EXERCISE PROMPT
When the line with "可爱小仙女镜子前挑逗勾引急促的呻吟声令人鸡儿充血 - AV大魔王" comes up, set it down and every later line to the end of the data, exactly and without pictures.

STORED DATA
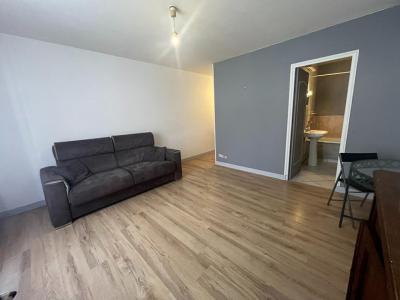 Acheter Appartement Gournay-en-bray Seine maritime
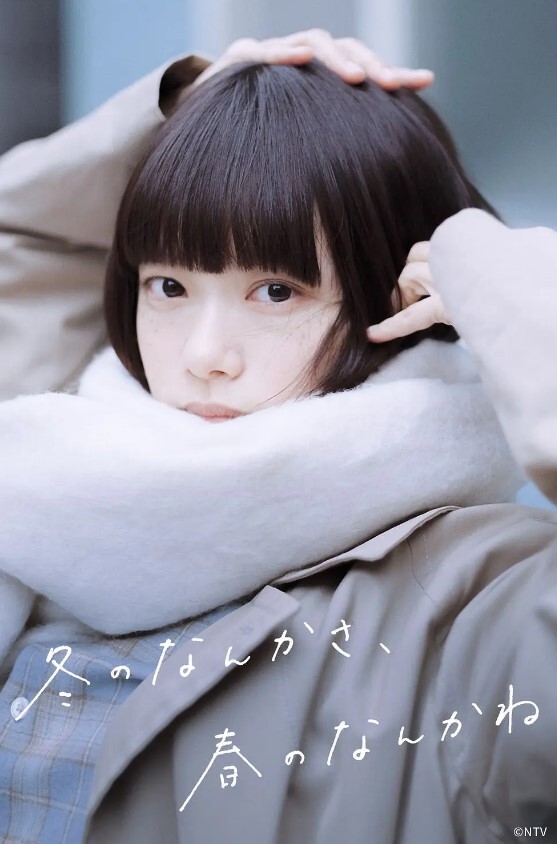 可爱小仙女镜子前挑逗勾引急促的呻吟声令人鸡儿充血 - AV大魔王
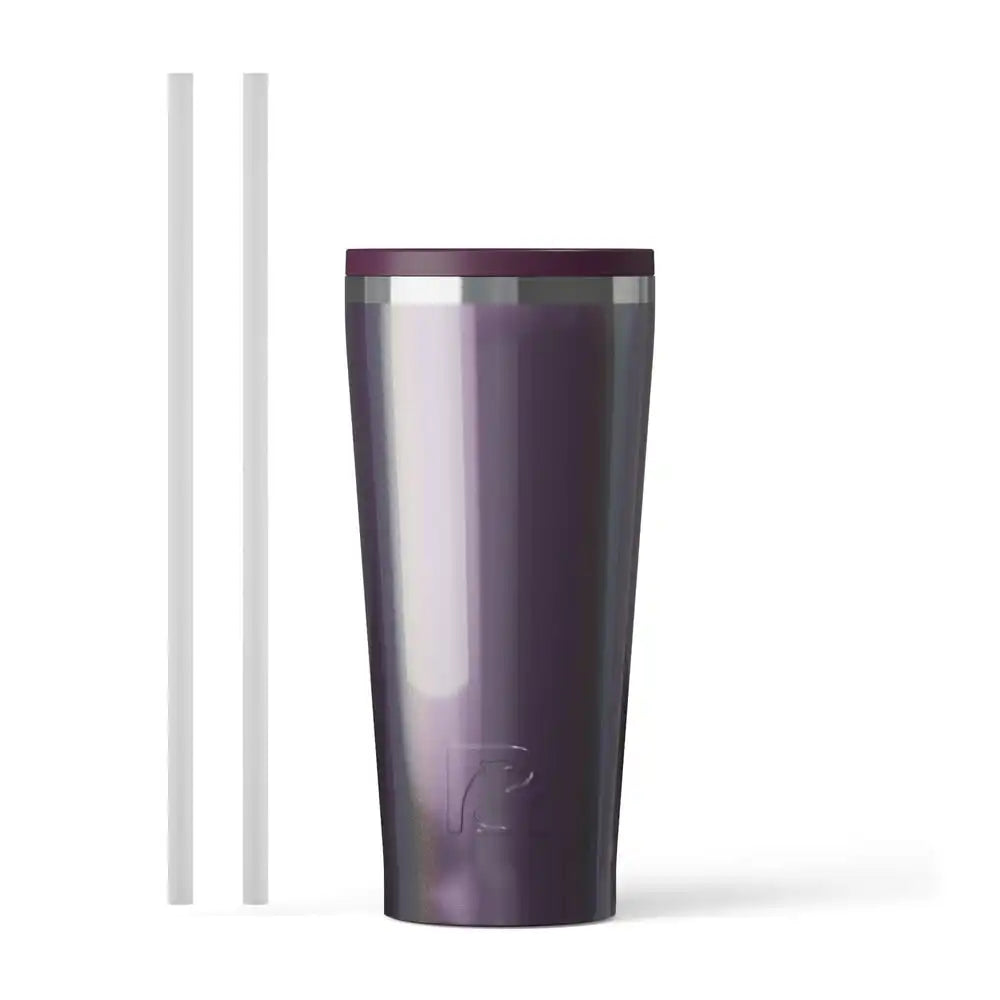 Everyday Tumbler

ANSWER SECTION
 可爱小仙女镜子前挑逗勾引急促的呻吟声令人鸡儿充血 - AV大魔王
 Everyday Tumbler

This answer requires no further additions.